• _DATA SECTION_
━━━━

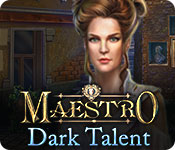 maestro: dark talent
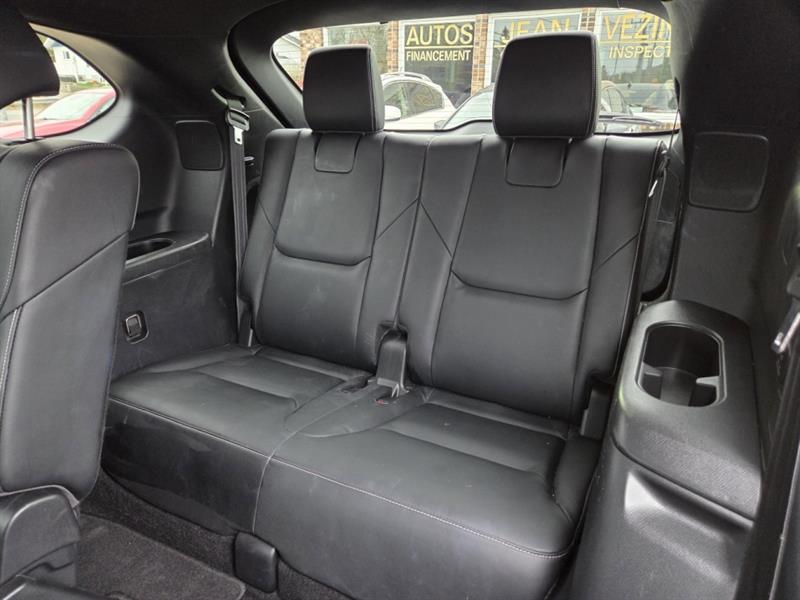 mazda CX-9 2021 - 15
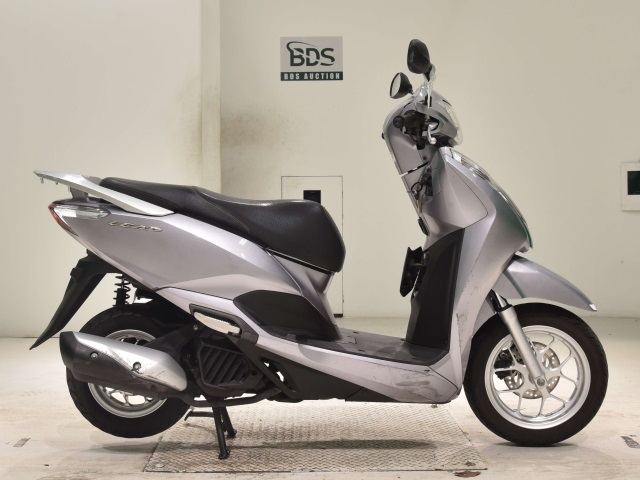 Honda LEAD125 2018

━━━━

• _ACTIVITY_
Each line of the listing is to be retyped exactly, and its pictures are to be dropped.

• _SOLUTION FOR THIS PROBLEM_
 maestro: dark talent
 mazda CX-9 2021 - 15
 Honda LEAD125 2018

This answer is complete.